#### Work required
Output the full listing below exactly, without the pictures.

** Information supplied follows **

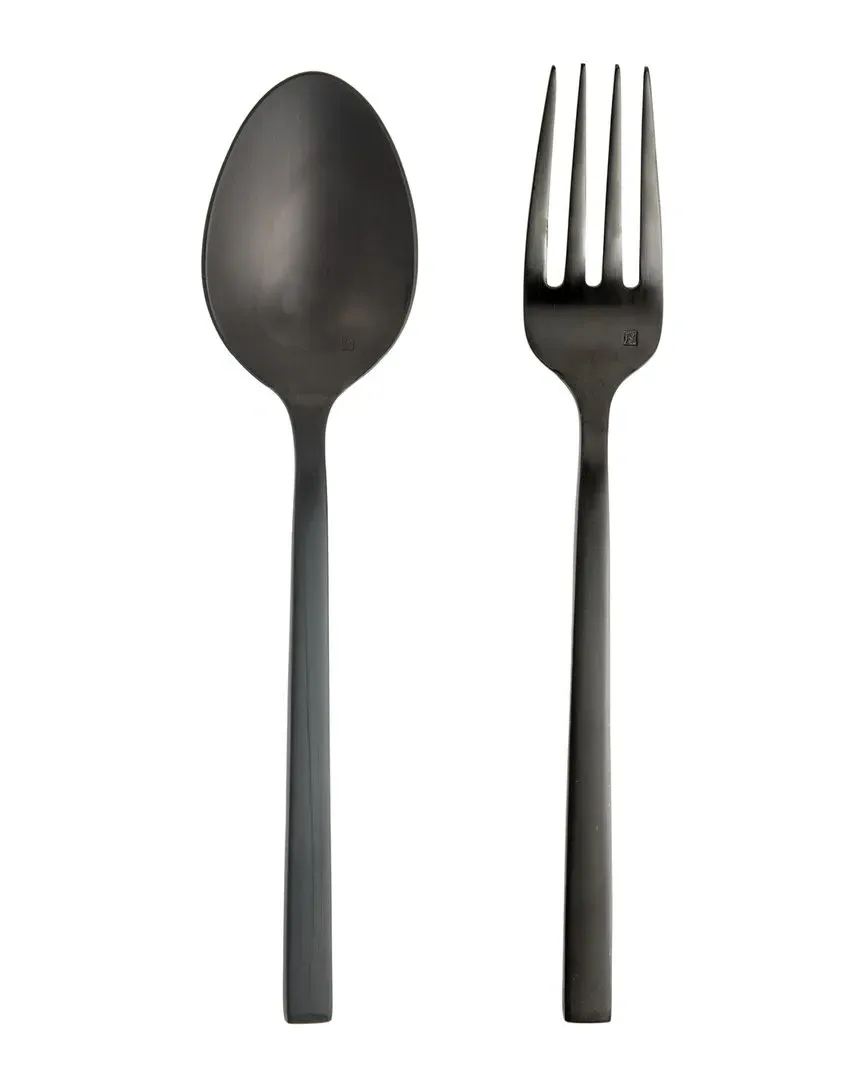Arezzo 2pc Serving Set - Brushed Black, Stainless Steel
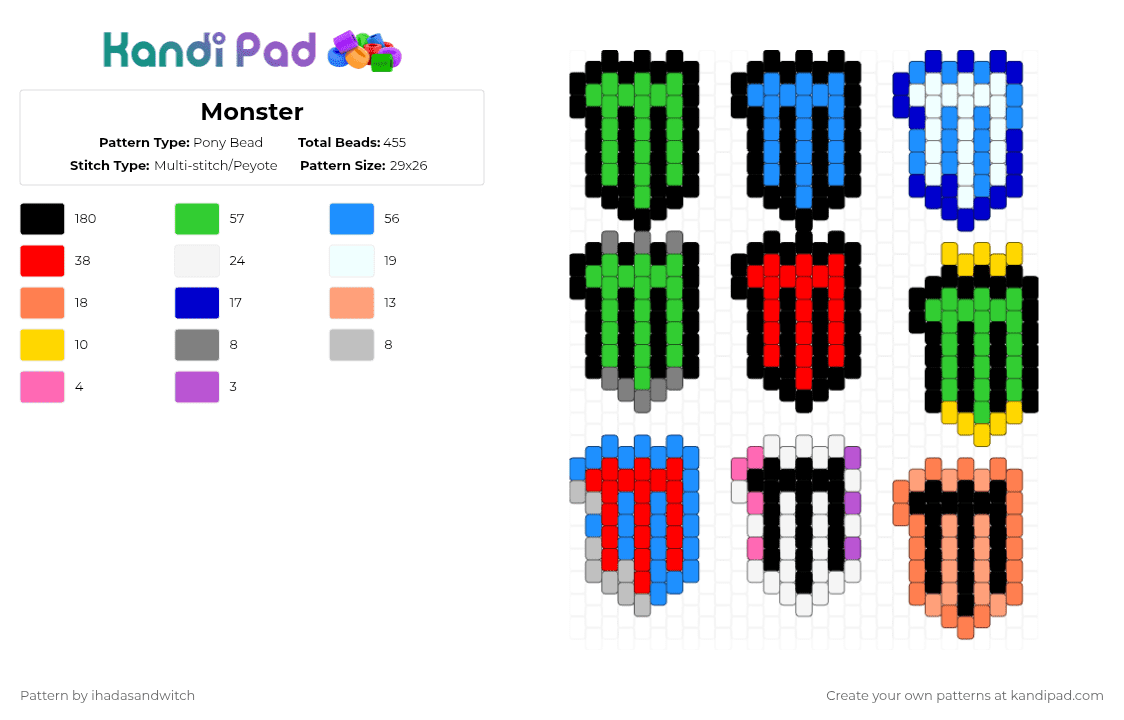 Monster - Pony Bead Pattern by ihadasandwitch on Kandi Pad - black,green,light blue,orange,colorful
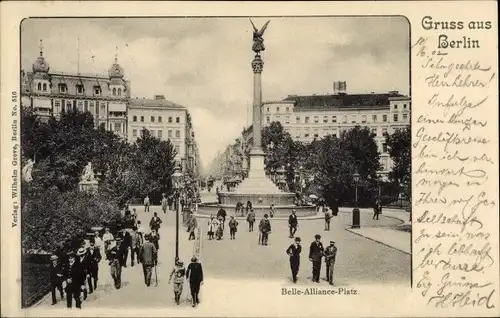 Ak Berlin Kreuzberg, Partie auf den Belle Alliance Platz, Denkmal, Passanten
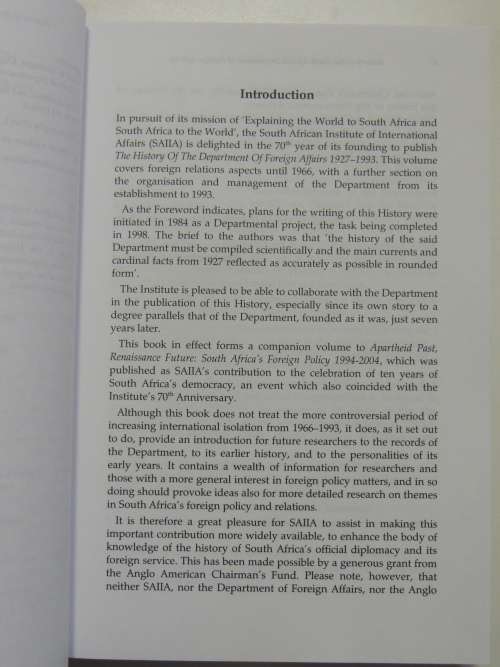 History of the South African Department of Foreign Affairs 1927 - 1993 - Ed. Tom Wheeler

** End of Information supplied **

#### Task result
Arezzo 2pc Serving Set - Brushed Black, Stainless Steel
 Monster - Pony Bead Pattern by ihadasandwitch on Kandi Pad - black,green,light blue,orange,colorful
 Ak Berlin Kreuzberg, Partie auf den Belle Alliance Platz, Denkmal, Passanten
 History of the South African Department of Foreign Affairs 1927 - 1993 - Ed. Tom Wheeler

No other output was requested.